Germanium transistors can be found at smallbear elec.  The path of least resistance (to me, since I didn't have equipment to test germanium transistors) was to buy their matched sets, which they sell specifically for tonebenders and fuzz faces.  They probably won't be the same part numbers, but will work well in these fuzzes.  They're a bit pricer to buy matched because you're paying for them to sort and select them.  Alternately, If you know how to measure the gain and leakage you can buy a bunch of cheaper ones and select them yourself.


----------



## manfesto (Feb 10, 2021)

spi said:


> Use 4.7u for tone vender.  22u for Twin face.
> 
> Germanium transistors can be found at smallbear elec.  The path of least resistance (to me, since I didn't have equipment to test germanium transistors) was to buy matched sets (they sell them specifically for tonebenders and fuzz faces).  They probably won't be the same part numbers, but will work well in these fuzzes.  A little pricer to buy them matched because you're paying for them to sort and select them.  If you know what your doing you can buy a bunch of cheaper ones and select them yourself.


Smallbear’s been out of matched sets of germanium transistors for a while, anyone know what’s up?

(I’ve started buying bulk lots from overseas and testing and sorting them, and it’s *just* enough a pain that I can say Smallbear’s services are much appreciated)


----------



## spi (Feb 11, 2021)

manfesto said:


> Smallbear’s been out of matched sets of germanium transistors for a while, anyone know what’s up?


Oh, that's a bummer.  Maybe they got swamped.


----------



## Chuck D. Bones (Feb 11, 2021)

I suspect that like everyone else, the Pandemic has upset their supply chain.


----------



## mastermachetier (Feb 11, 2021)

manfesto said:


> Smallbear’s been out of matched sets of germanium transistors for a while, anyone know what’s up?
> 
> (I’ve started buying bulk lots from overseas and testing and sorting them, and it’s *just* enough a pain that I can say Smallbear’s services are much appreciated)


Which transistors are you buying abroad and where  ?


----------



## manfesto (Feb 11, 2021)

mastermachetier said:


> Which transistors are you buying abroad and where  ?


Sure! I've been buying on eBay. I'm pretty sure at this point in history, most lots of germaniums have been picked over for the "good" ones, so I'm not trying to go broke buying the biggest lots, only spending a few bucks so I don't feel bad if I get a batch of duds.

from nati.99.electronics I've gotten two batches of MP20s, none were duds and all clocked in around 60-70 hFE with near-negligible leakage and I've spot-checked a few in circuits, sounded great.
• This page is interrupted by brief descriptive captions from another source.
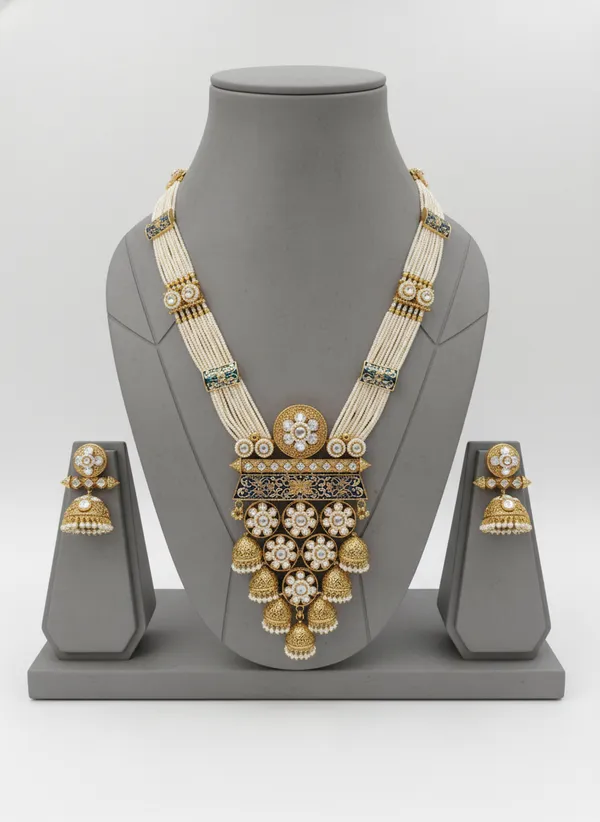 Indian_Set_Royal_Blue_Meenakari_&_Pearl_Jhumka_Necklace_Set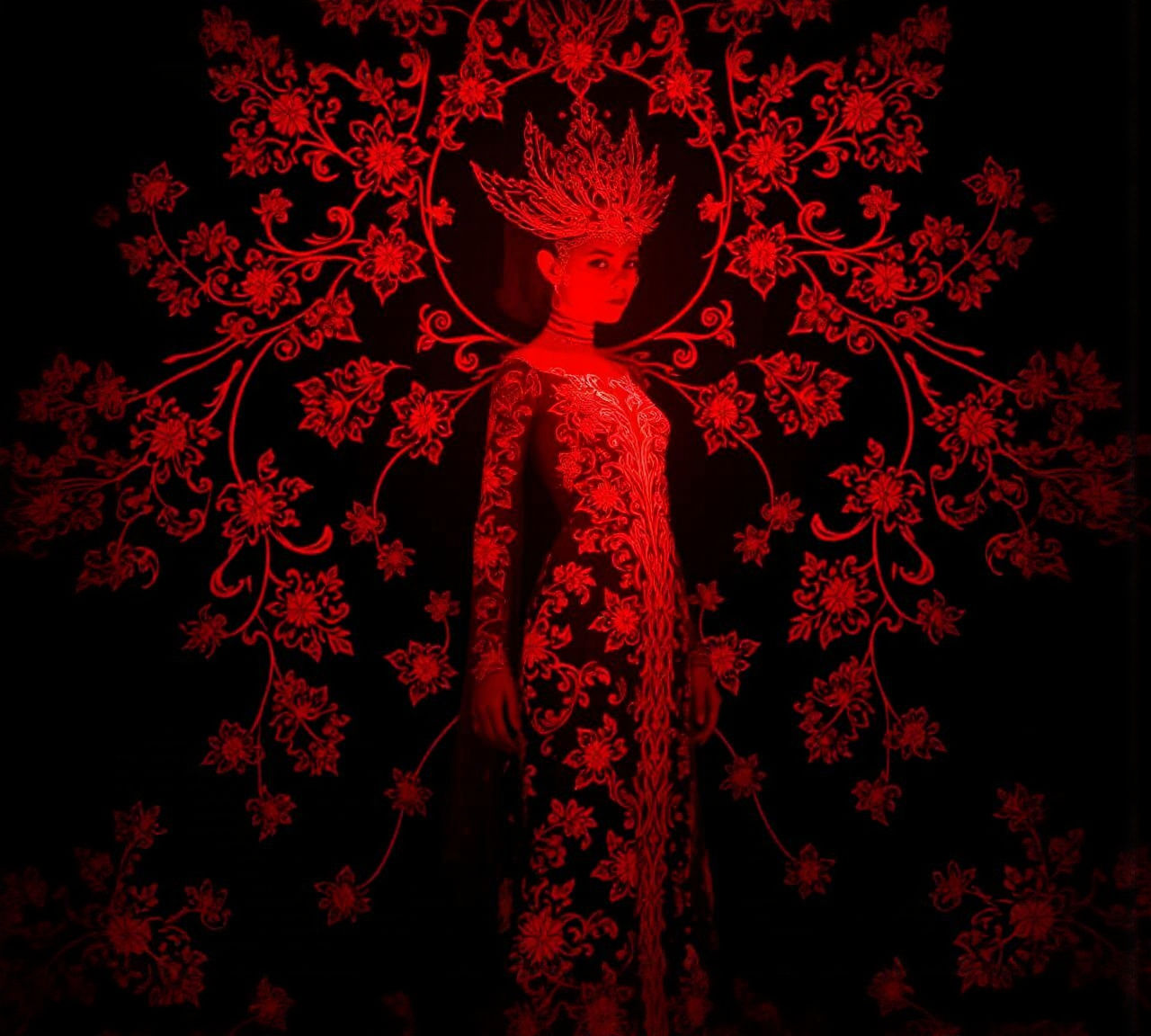 Bioluminescent Ethereal Maiden with Red Filigree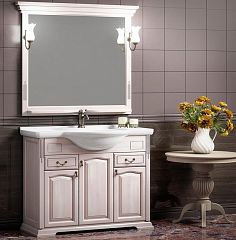 Мебель РИСПЕКТО 120 белёный бук/бронза WEISS (Д) (умывал., тумба, зеркало, 2 светильника)*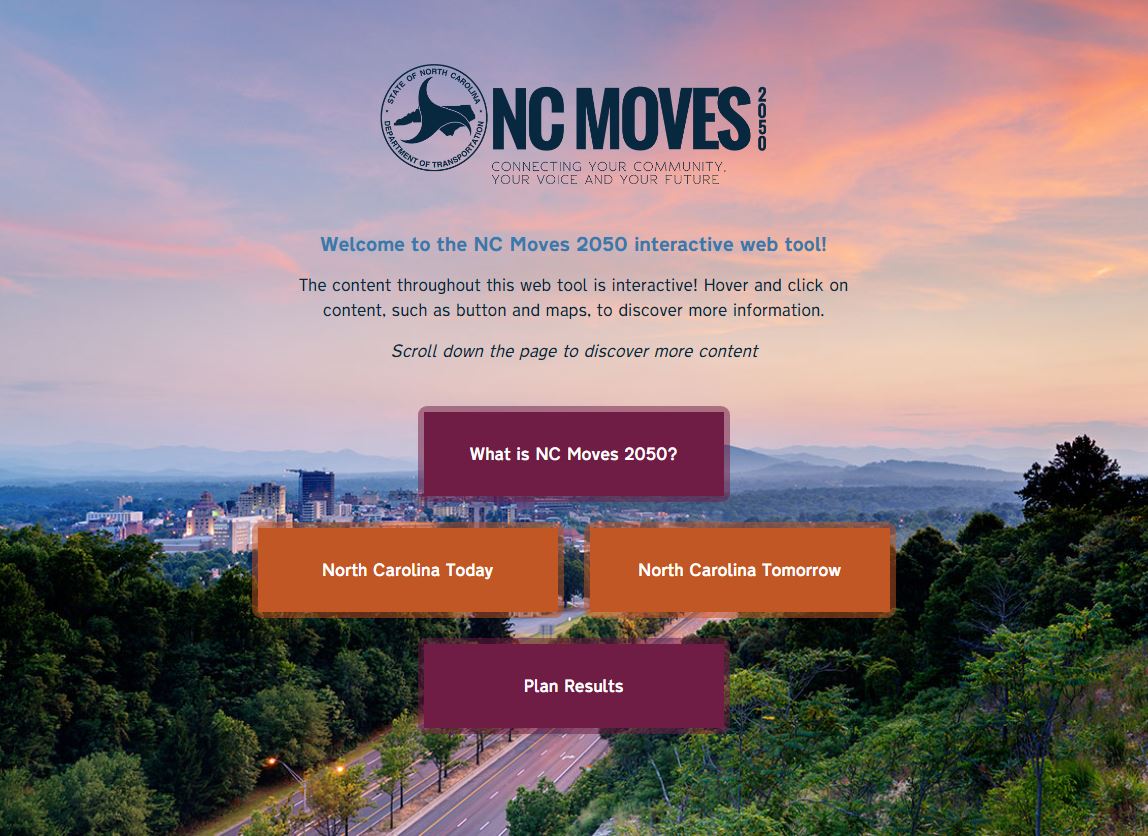 Where is #NC #transportation heading? New <a href="/NCDOT/">NCDOT</a> #NCMoves2050 long-range plan we created with <a href="/wspusa/">WSP in the U.S.</a>, <a href="/Camsys/">CambridgeSystematics</a>, &amp; others has some answers. Have fun exploring this interactive web tool to learn more ncdot.gov/initiatives-po…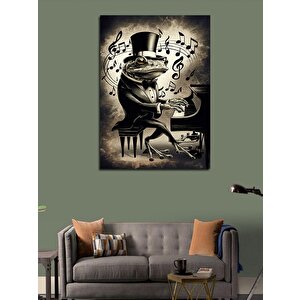 Kanvas Tablo Piyano Çalan Kurbağa 50x70 cm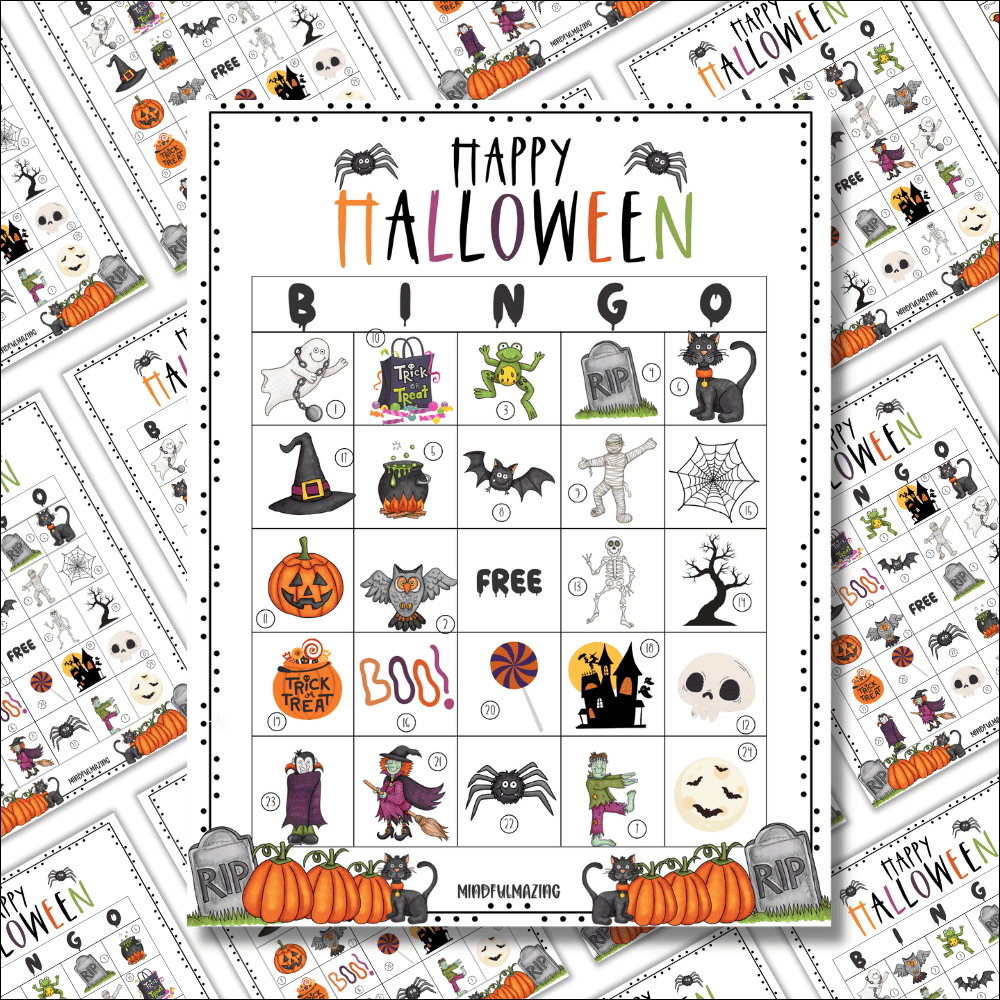 25 Free Printable Halloween Bingo Cards For Kids • Mindfulmazing throughout Free Printable Halloween Bingo Cards For 30 Players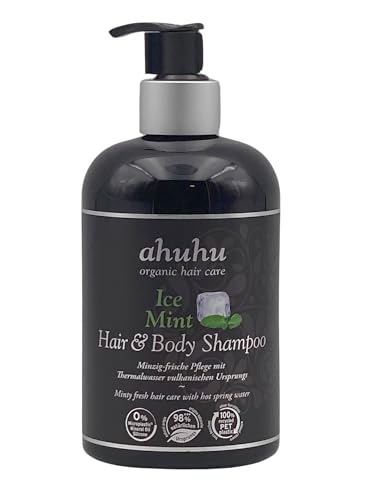 ahuhu organic hair care Ice Mint Hair &amp; Body Shampoo 500ml I with organic mint water, niacinamide and thermal water on sale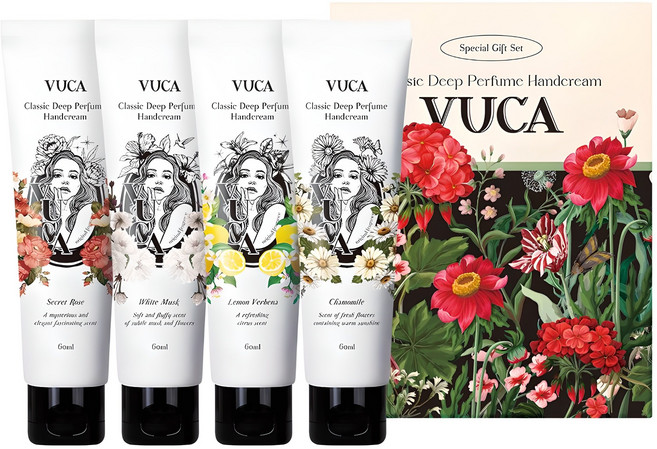 뷰카 클래식 딥 퍼퓸 핸드크림 시크릿로즈 + 화이트머스크 + 레몬버베나 + 캐모마일 세트, 240ml, 1개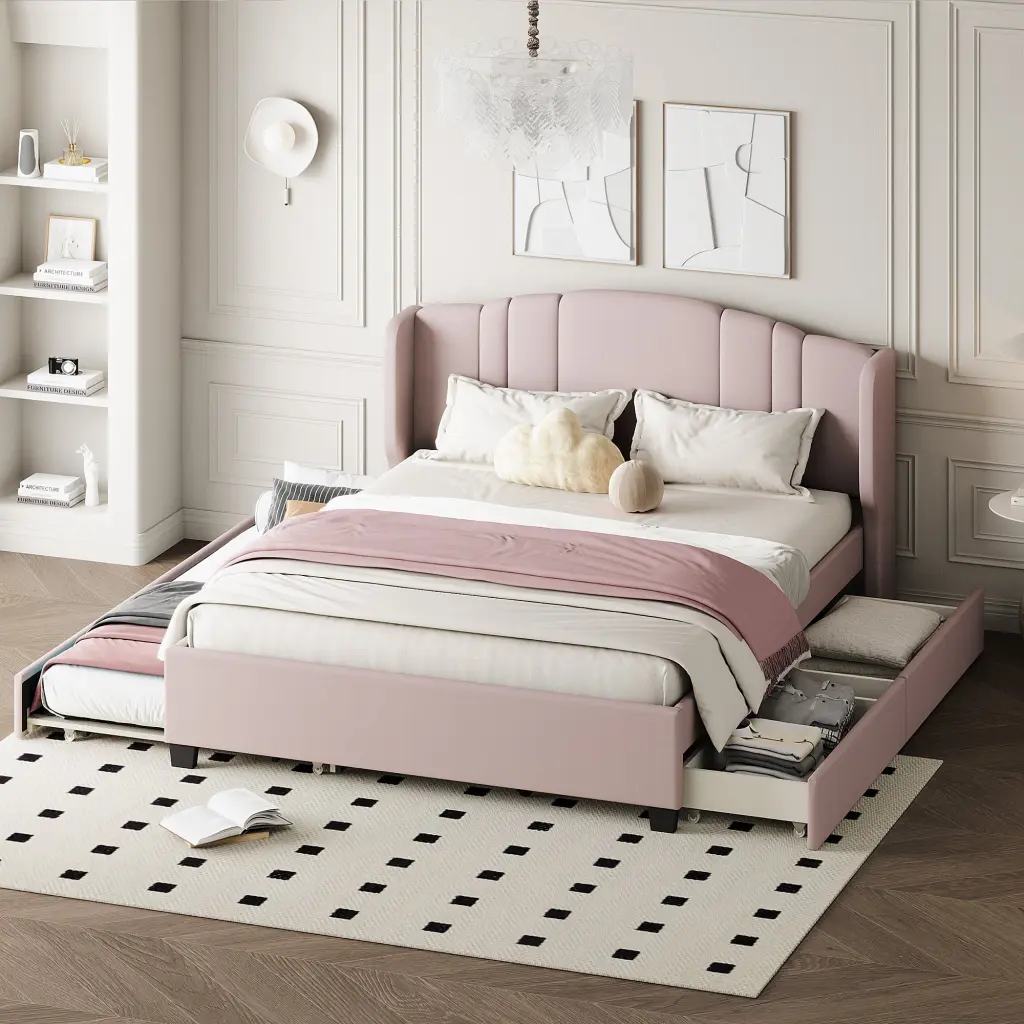 Upholstered Platform Bed Wingback Headboard Twin Trundle Bed homey life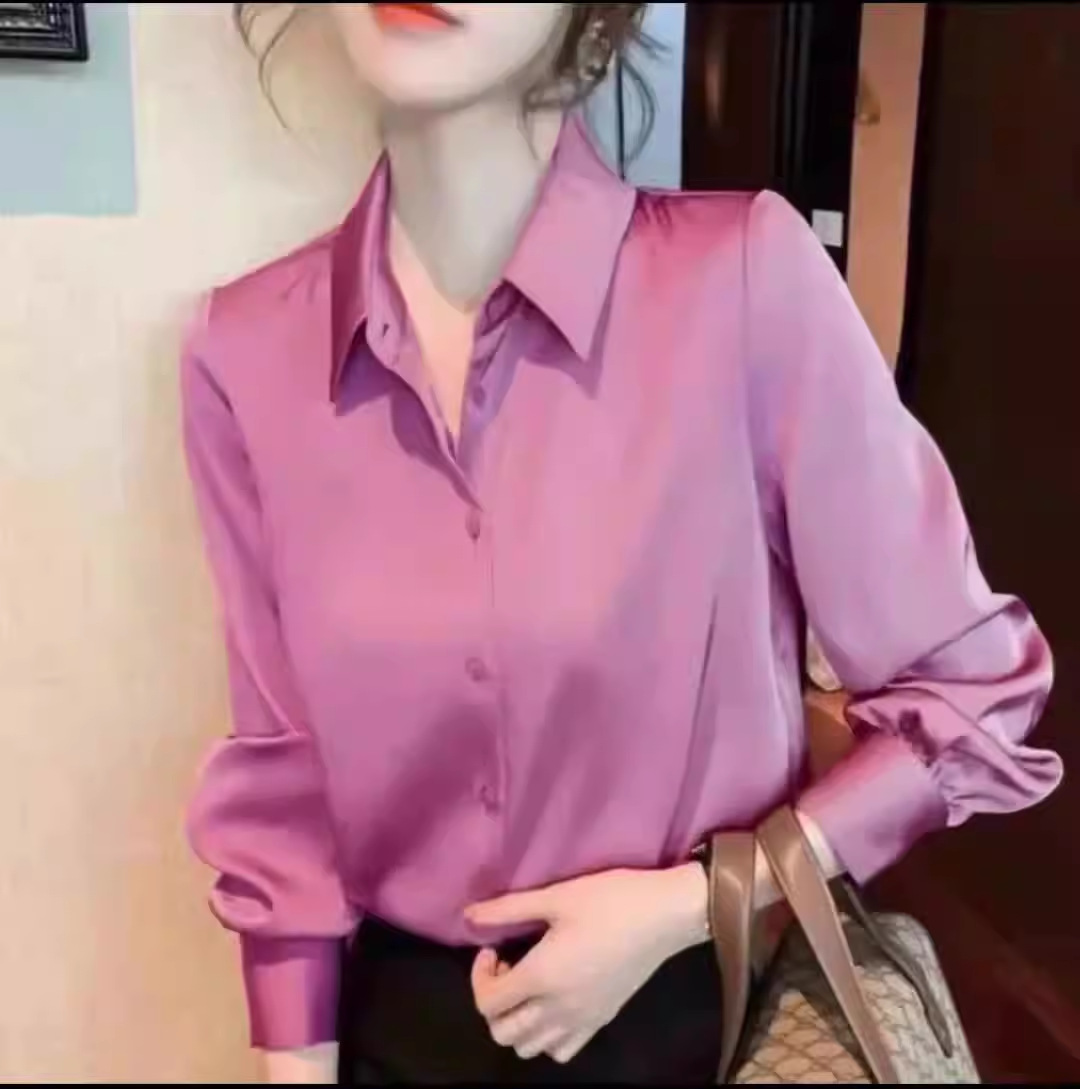 High-gloss Walt Satin Shirt All-match Slim-fit Professional Anti-wrinkle High-grade Silk Satin Top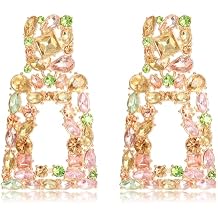 KELMALL Chunky Geometric Rhinestone Dangle Earrings for Women Bold Rectangle Statement Drop Earrings, Gift-Boxed Fashion Jewelry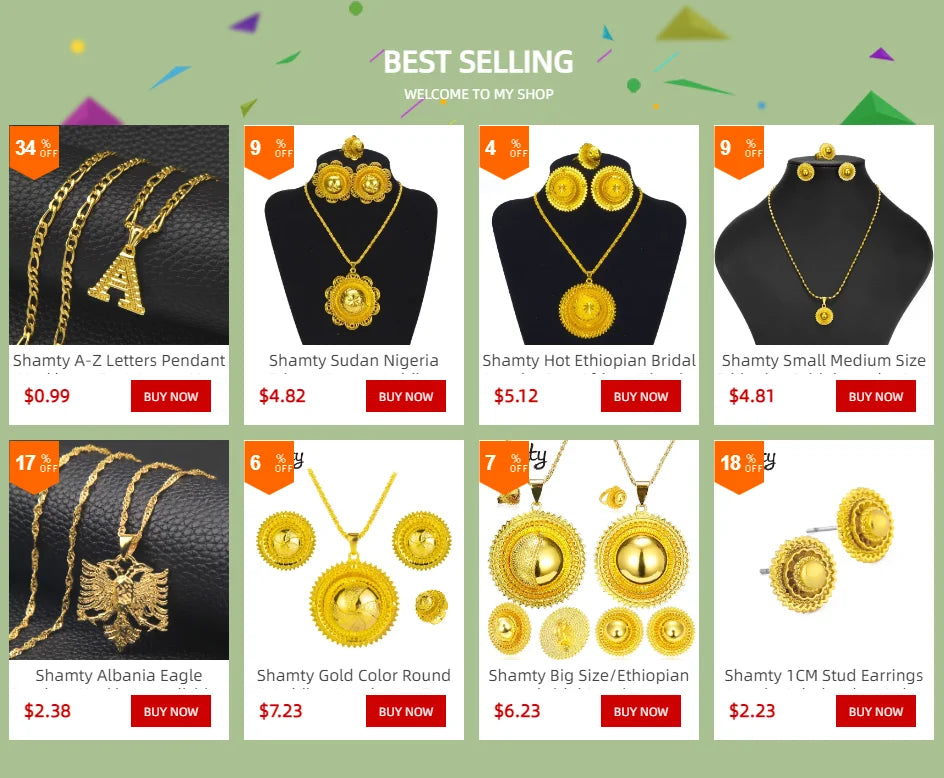 Shamty Hot Ethiopian Bridal Jewelry Sets African Nigeria Sudan Eritrea Kenya Pure Gold Color Habasha Style Wedding Sets D30019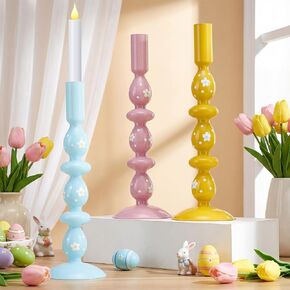3 Pcs Pastel Easter Glass Candle Holders Set Spring Daisy Egg Taper Candlestick Holders for Spring Easter Home Table Centerpieces Fireplace Mantle Dining Decorations Holiday Office Home Gift in Kuwait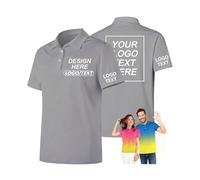Camicie Polo Personalizzate per Uomo Donna - Designa il Tuo Proprio Logo Personalizzato da Golf, Testo, Nome Stampato Fronte Retro, grigio, S/5XL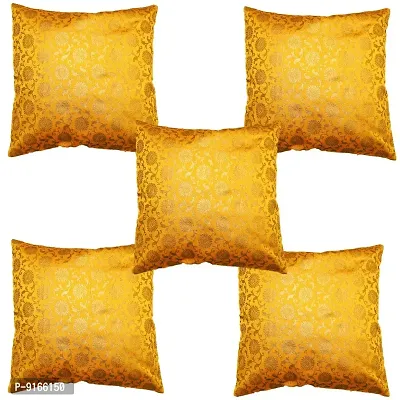 Stylish Silk Cushion Cover 12x12(Pack Of 5)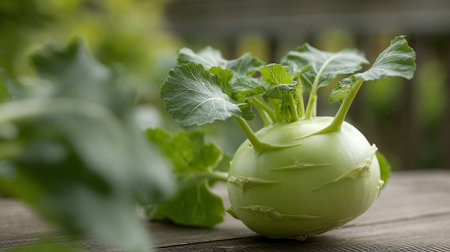 Fresh Green Kohlrabi on Wooden Table Top, an Organic and Natural Foodの素材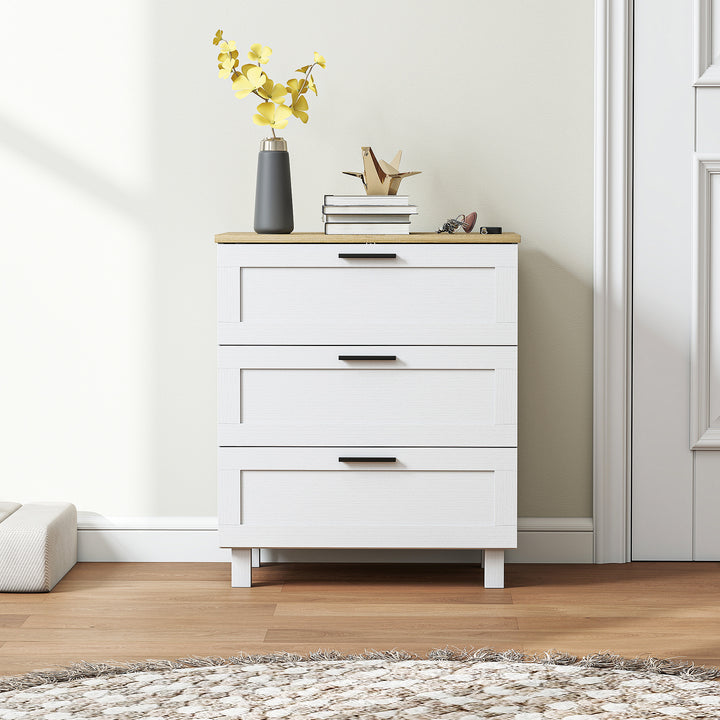 Cómoda Estreita com 3 Gavetas Cómoda de Quarto com Pés de Madeira Cómoda Auxiliar para Sala Escritório Estilo Moderno 60x38x71 cm Branco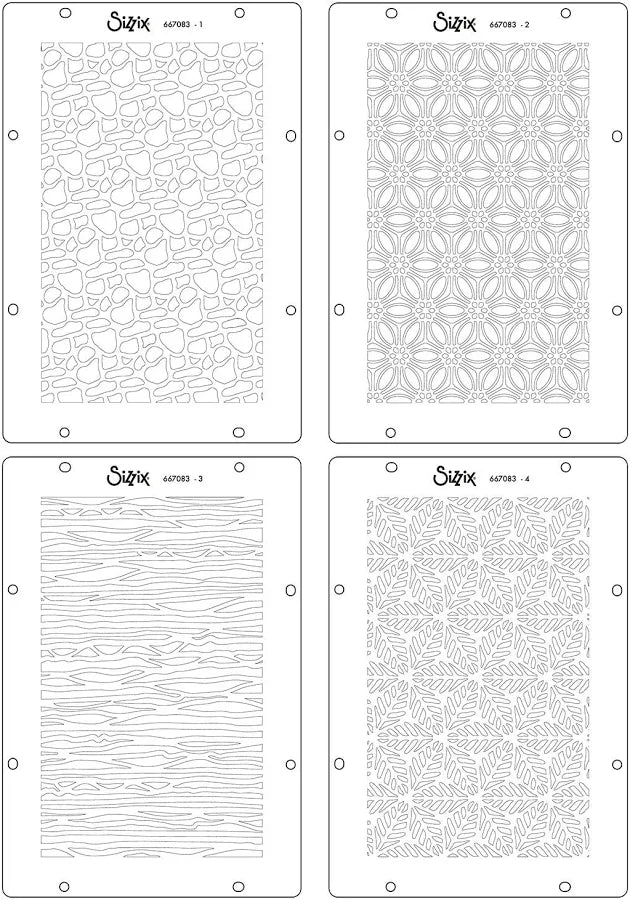 Sizzix Studio - Vicki Boutin Stencils - Background Textures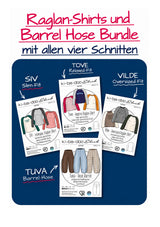 BUNDLE ebook Raglan-Shirts & Barrel Hose | Größe 32-58 inkl. DIN A4, DIN A0 & Beamer Datei | PDF zum download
Wouldn't hesitate to buy from again, they've got *lots* of goodies.

from sp9tnm I've gotten a 10-pack each of ASY33S, ASY34S, and ASY37S (they accepted my $5 offer for each, so $12 shipped, $1.20 per transistor I was willing to swallow). No duds, but gains and leakages were *all* over the place; I was able to suss out a few Fuzz Face pairs between the lots, some of the ASY37s were decently leaky and had gains above 200 and worked well in Tone Benders. The rest are neither here nor there (didn't really fall in the "classic" ranges for RangeMasters, Fuzz Faces, or Benders, but still work and will always be worth trying out), but it's nice to have spares and alts to play around with.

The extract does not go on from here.